» **Data block**

▬▬▬

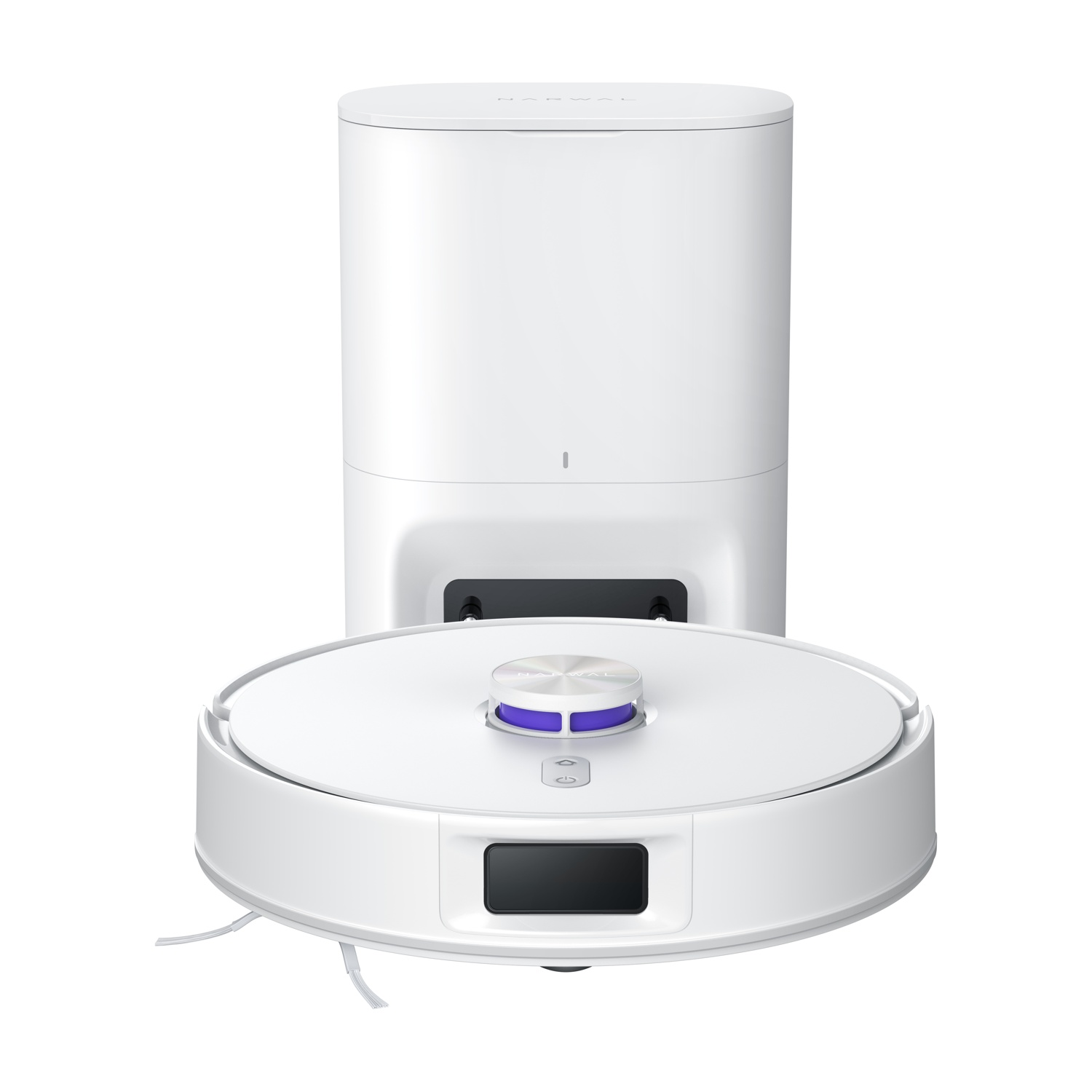 Un robot aspirapolvere bianco con stazione di ricarica. L'aspirapolvere ha forma rotonda con parte superiore viola. La stazione è un alto rettangolo bianco.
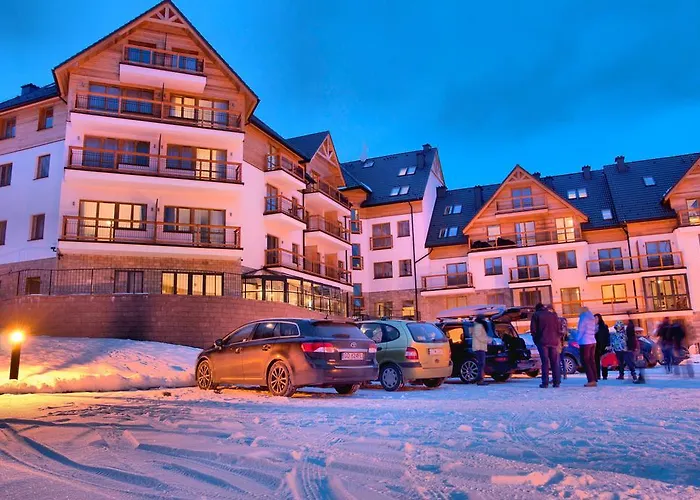 Cristal By Zdrojowa 公寓式酒店 斯克拉斯卡波伦巴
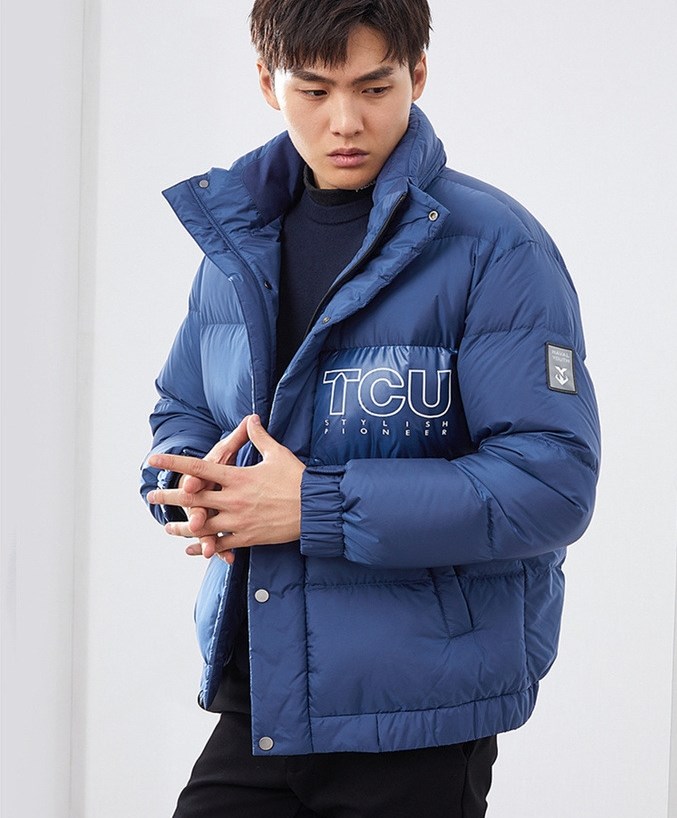 为了不让男朋友把羽绒服穿成“熊样”,我差点挤晕在海澜之家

▬▬▬

» **Exercise prompt**
Everything in the listing except the pictures must be reproduced exactly.

» **Reply**
 Un robot aspirapolvere bianco con stazione di ricarica. L'aspirapolvere ha forma rotonda con parte superiore viola. La stazione è un alto rettangolo bianco.
 Cristal By Zdrojowa 公寓式酒店 斯克拉斯卡波伦巴
 为了不让男朋友把羽绒服穿成“熊样”,我差点挤晕在海澜之家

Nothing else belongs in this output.